Stored data:
▼▼▼

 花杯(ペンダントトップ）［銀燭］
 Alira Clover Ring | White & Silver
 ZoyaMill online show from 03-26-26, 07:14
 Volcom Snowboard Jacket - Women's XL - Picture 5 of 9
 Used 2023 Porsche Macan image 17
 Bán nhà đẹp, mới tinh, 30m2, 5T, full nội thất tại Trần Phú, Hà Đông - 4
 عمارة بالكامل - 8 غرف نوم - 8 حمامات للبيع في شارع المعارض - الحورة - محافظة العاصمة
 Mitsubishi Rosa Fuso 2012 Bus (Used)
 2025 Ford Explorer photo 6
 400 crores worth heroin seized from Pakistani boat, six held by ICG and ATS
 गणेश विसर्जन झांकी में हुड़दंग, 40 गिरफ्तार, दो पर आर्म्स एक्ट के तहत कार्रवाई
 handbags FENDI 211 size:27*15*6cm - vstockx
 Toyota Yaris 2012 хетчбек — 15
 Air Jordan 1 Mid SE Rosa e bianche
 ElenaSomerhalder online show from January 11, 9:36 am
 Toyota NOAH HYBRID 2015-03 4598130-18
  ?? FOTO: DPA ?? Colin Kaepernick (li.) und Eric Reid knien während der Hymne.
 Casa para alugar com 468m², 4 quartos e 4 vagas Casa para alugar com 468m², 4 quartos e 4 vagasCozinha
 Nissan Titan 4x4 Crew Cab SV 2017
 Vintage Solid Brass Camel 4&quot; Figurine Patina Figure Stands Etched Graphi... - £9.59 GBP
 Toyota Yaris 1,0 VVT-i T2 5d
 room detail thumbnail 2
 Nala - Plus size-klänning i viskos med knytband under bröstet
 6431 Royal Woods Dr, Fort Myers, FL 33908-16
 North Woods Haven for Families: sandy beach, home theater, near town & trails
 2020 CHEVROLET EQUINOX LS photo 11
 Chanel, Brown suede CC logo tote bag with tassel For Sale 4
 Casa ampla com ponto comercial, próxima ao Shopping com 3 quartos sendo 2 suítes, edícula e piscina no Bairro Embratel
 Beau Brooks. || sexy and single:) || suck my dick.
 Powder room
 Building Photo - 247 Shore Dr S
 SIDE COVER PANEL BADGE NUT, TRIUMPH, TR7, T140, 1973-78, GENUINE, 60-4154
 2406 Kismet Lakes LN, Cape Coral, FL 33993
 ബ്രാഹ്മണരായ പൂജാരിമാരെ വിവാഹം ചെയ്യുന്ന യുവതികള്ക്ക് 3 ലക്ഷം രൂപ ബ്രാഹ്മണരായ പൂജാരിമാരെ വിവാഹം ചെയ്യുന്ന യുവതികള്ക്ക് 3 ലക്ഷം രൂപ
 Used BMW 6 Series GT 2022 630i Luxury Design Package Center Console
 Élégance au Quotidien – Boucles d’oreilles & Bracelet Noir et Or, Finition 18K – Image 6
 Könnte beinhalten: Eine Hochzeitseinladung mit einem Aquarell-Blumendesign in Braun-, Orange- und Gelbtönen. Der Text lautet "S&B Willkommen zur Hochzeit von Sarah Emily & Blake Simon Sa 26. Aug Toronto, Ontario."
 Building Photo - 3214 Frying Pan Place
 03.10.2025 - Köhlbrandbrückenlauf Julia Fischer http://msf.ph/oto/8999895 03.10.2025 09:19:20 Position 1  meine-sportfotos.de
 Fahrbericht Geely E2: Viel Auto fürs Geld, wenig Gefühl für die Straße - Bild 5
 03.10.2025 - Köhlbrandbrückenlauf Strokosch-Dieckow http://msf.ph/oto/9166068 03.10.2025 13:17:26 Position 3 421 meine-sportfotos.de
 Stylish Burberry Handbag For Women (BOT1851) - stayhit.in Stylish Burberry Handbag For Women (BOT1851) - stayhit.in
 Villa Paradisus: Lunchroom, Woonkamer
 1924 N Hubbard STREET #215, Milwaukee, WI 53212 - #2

▲▲▲

**What is needed:**
All lines in the data above from the one with "Toyota NOAH HYBRID 2015-03 4598130-18" through the one with "Élégance au Quotidien" must be repeated exactly, and no others.

**Exercise solution:**
 Toyota NOAH HYBRID 2015-03 4598130-18
  ?? FOTO: DPA ?? Colin Kaepernick (li.) und Eric Reid knien während der Hymne.
 Casa para alugar com 468m², 4 quartos e 4 vagas Casa para alugar com 468m², 4 quartos e 4 vagasCozinha
 Nissan Titan 4x4 Crew Cab SV 2017
 Vintage Solid Brass Camel 4&quot; Figurine Patina Figure Stands Etched Graphi... - £9.59 GBP
 Toyota Yaris 1,0 VVT-i T2 5d
 room detail thumbnail 2
 Nala - Plus size-klänning i viskos med knytband under bröstet
 6431 Royal Woods Dr, Fort Myers, FL 33908-16
 North Woods Haven for Families: sandy beach, home theater, near town & trails
 2020 CHEVROLET EQUINOX LS photo 11
 Chanel, Brown suede CC logo tote bag with tassel For Sale 4
 Casa ampla com ponto comercial, próxima ao Shopping com 3 quartos sendo 2 suítes, edícula e piscina no Bairro Embratel
 Beau Brooks. || sexy and single:) || suck my dick.
 Powder room
 Building Photo - 247 Shore Dr S
 SIDE COVER PANEL BADGE NUT, TRIUMPH, TR7, T140, 1973-78, GENUINE, 60-4154
 2406 Kismet Lakes LN, Cape Coral, FL 33993
 ബ്രാഹ്മണരായ പൂജാരിമാരെ വിവാഹം ചെയ്യുന്ന യുവതികള്ക്ക് 3 ലക്ഷം രൂപ ബ്രാഹ്മണരായ പൂജാരിമാരെ വിവാഹം ചെയ്യുന്ന യുവതികള്ക്ക് 3 ലക്ഷം രൂപ
 Used BMW 6 Series GT 2022 630i Luxury Design Package Center Console
 Élégance au Quotidien – Boucles d’oreilles & Bracelet Noir et Or, Finition 18K – Image 6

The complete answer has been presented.